> _PROBLEM DESCRIPTION_: Once the line with "view of front of home featuring a porch" is found, write it out along with every line after it, exactly, up to the last line of the entries below. Exclude pictures.
====== LISTED ENTRIES
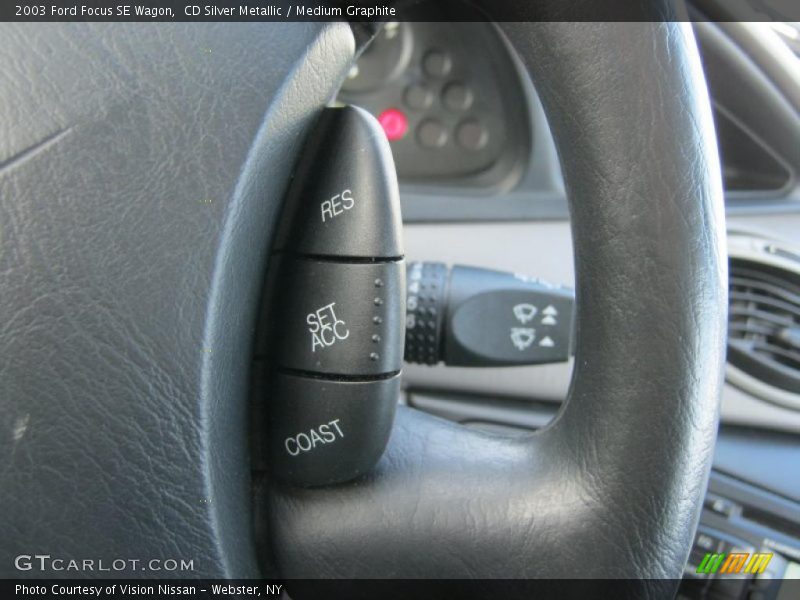 CD Silver Metallic / Medium Graphite 2003 Ford Focus SE Wagon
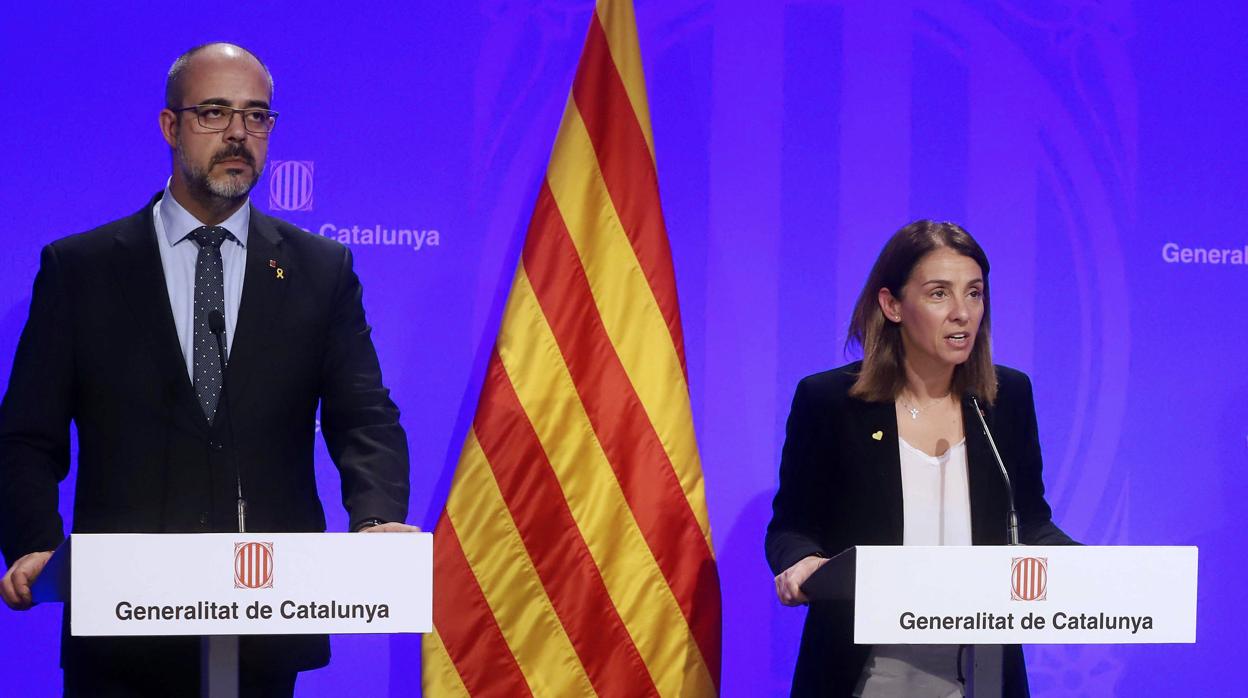 Los consejero Buch y Budó, en el Palau de la Generalitat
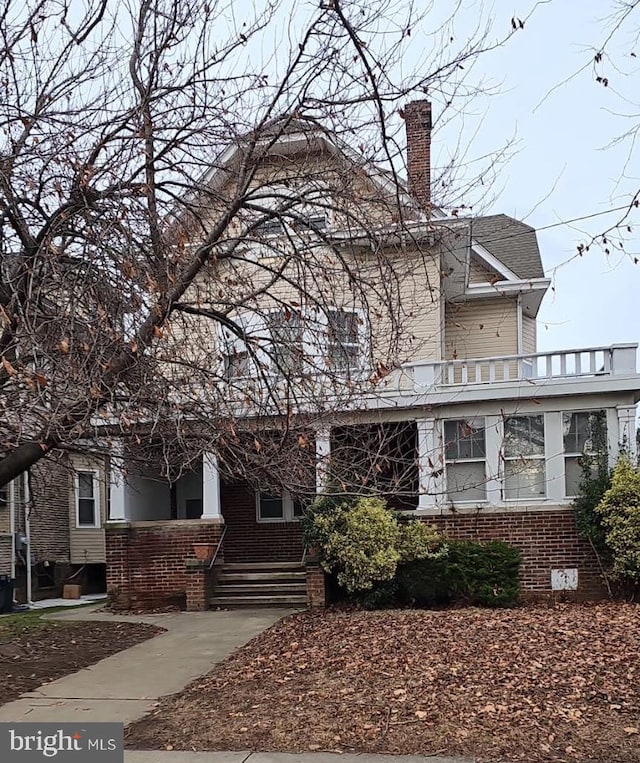 view of front of home featuring a porch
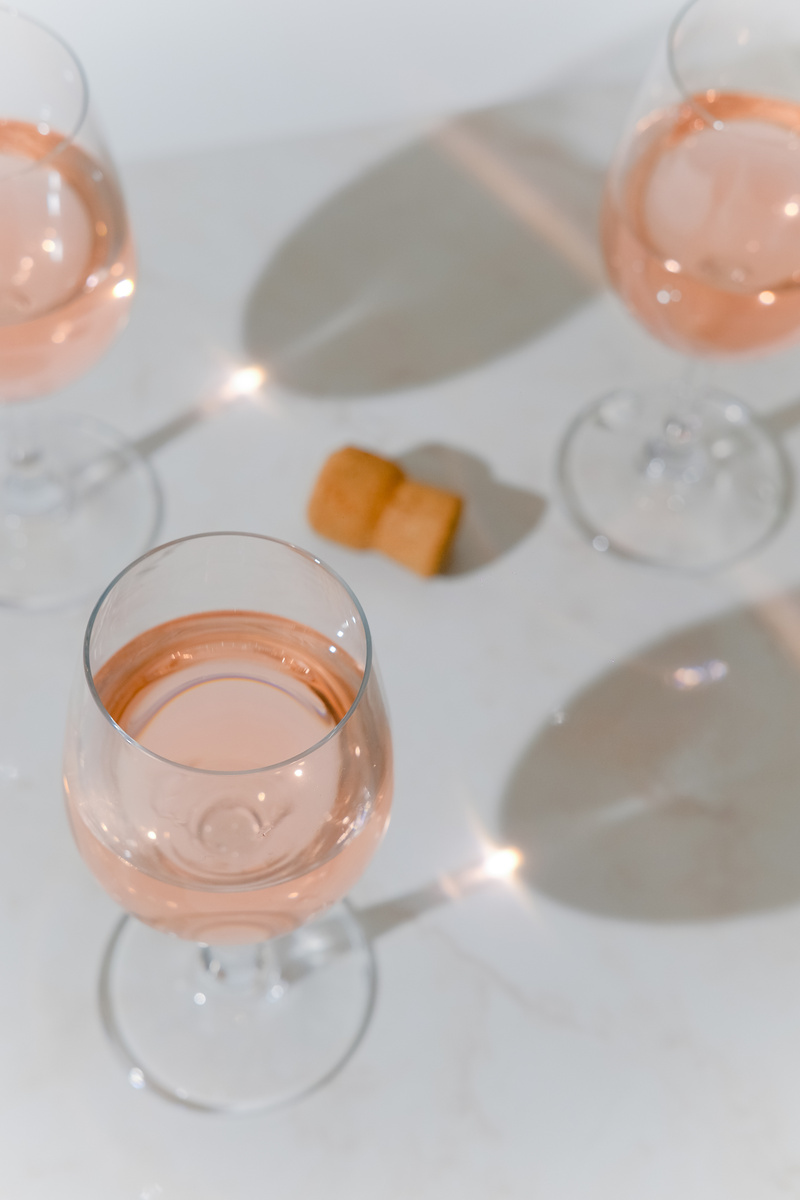 Pink Moscato in Wineglasses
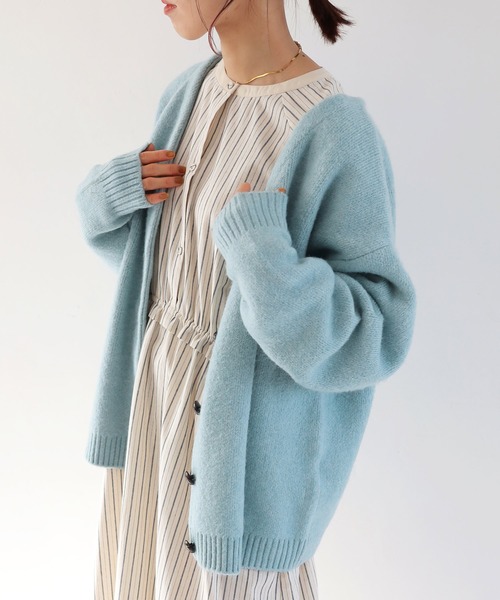 Crisp（クリスプ）の「オーバーソフトニットカーディガン（カーディガン/ボレロ・レディース・ブルー/ブラウン/イエロー/チャコールグレー/ピンク/アイボリー・FREE）」の10枚目の写真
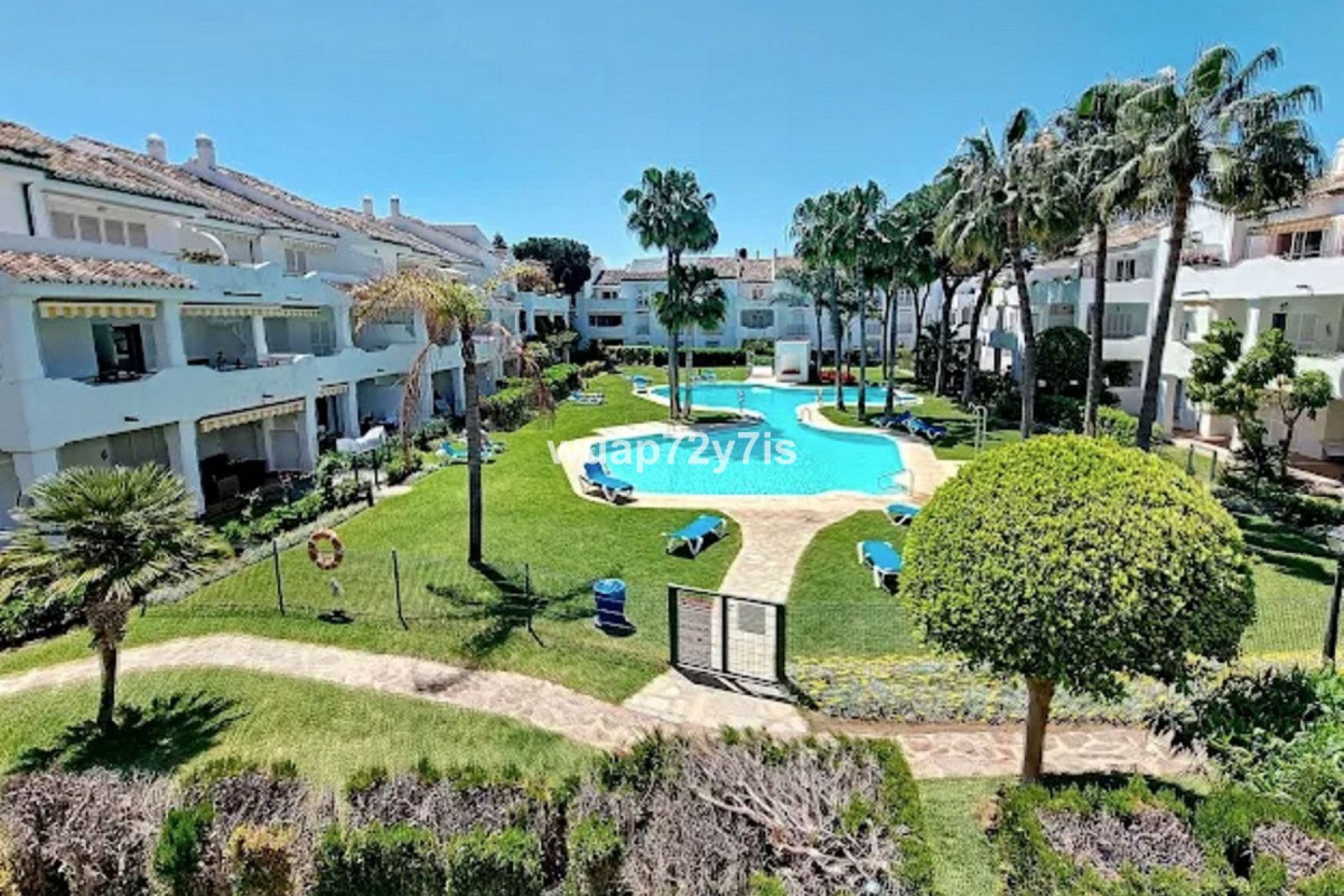 Resale - Apartment - Top Floor Apartment - Estepona - El Presidente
============
> _WRITTEN RESPONSE_:
 view of front of home featuring a porch
 Pink Moscato in Wineglasses
 Crisp（クリスプ）の「オーバーソフトニットカーディガン（カーディガン/ボレロ・レディース・ブルー/ブラウン/イエロー/チャコールグレー/ピンク/アイボリー・FREE）」の10枚目の写真
 Resale - Apartment - Top Floor Apartment - Estepona - El Presidente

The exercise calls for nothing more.